Jan 13, 2006 17:15
in the spirit of actually being informed in advance of the epic holiday (ok, the expensive holiday, with the trains and the giant lake and the - hopefully - staying in yurts etc.) just started orlando figes 'natasha's dance: a cultural history of russia' and it's really, really good. it's all sparkly and facsinating and makes my brain feel alive for the first time in about four weeks; i'm being informed with no apparent effort on my part at all. i like that. so, perhaps i will make it through the doorstop that is his 'a people's tragedy: the russian revolution 1891-1924' before the end of may after all.

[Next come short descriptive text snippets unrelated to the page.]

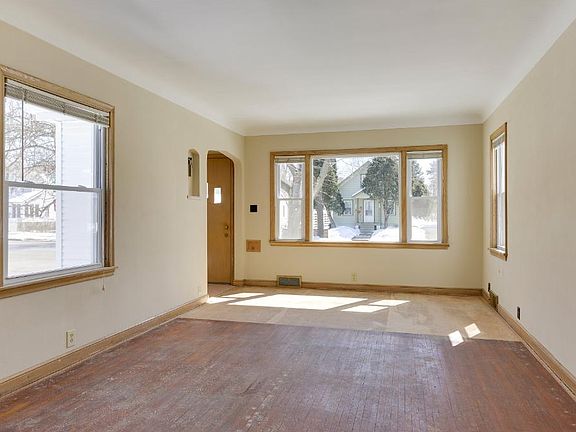 3rd image of 1915 Minnehaha Ave E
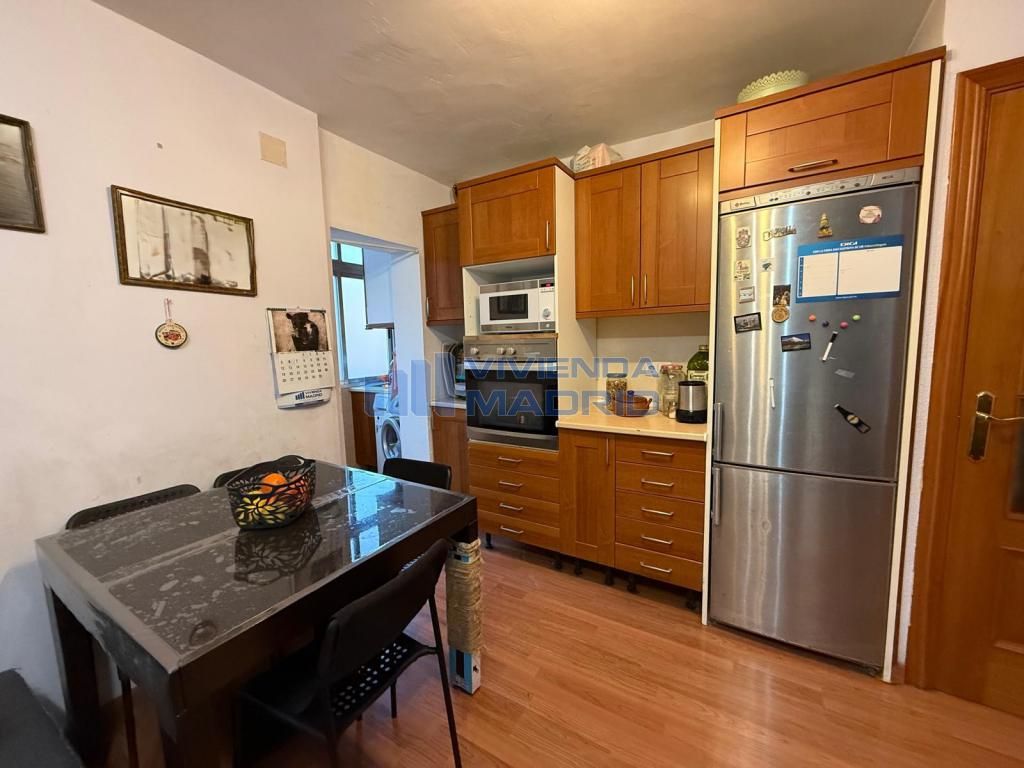 Kitchen of Flat for sale in  Madrid Capital  with Heating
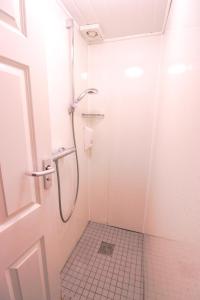 Bilik mandi di Fairway Hotel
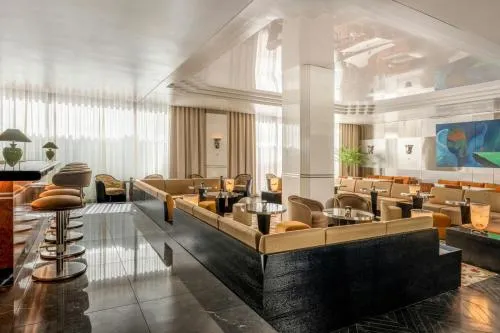 Roomers Munich, Autograph Collection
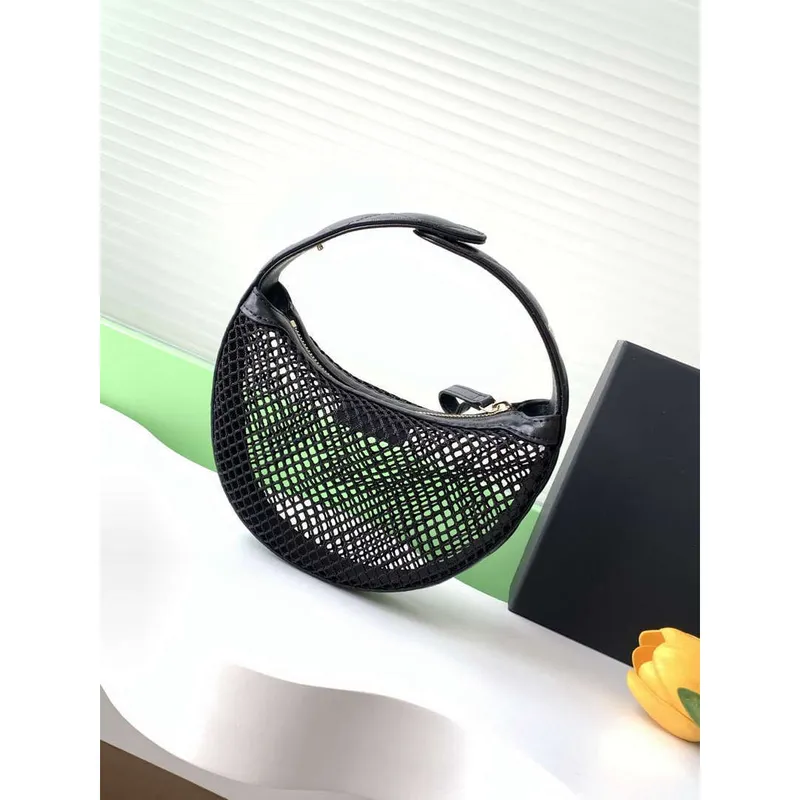 Chanel AP4575 25S Pouch Mesh Lesklá jehněčí kůže & zlatý tón kovu černá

[my recent history with russian, well, history, is not so good. i keep getting part-way through things like 'at the court of the red tsar' and then abandoning them for more cheerful (and SHORTER) reading. which is almost anything, really. but i don't think reading noirish detective novels is going to give me the same insight into the russian psyche. though i did read 'death and the penguin' which is getting there (the ukraine, an obituary writer, a penguin). maybe i can make a case for getting digital tv on the grounds that 'man from uncle' re-runs will be available. i could take notes while ilya is on screen...]
edit: this journal layout editing is hard. and, buggeration, apparently irreversible. (well, it is if you have no idea what settings you had before as you applied them after quite a lot of wine.)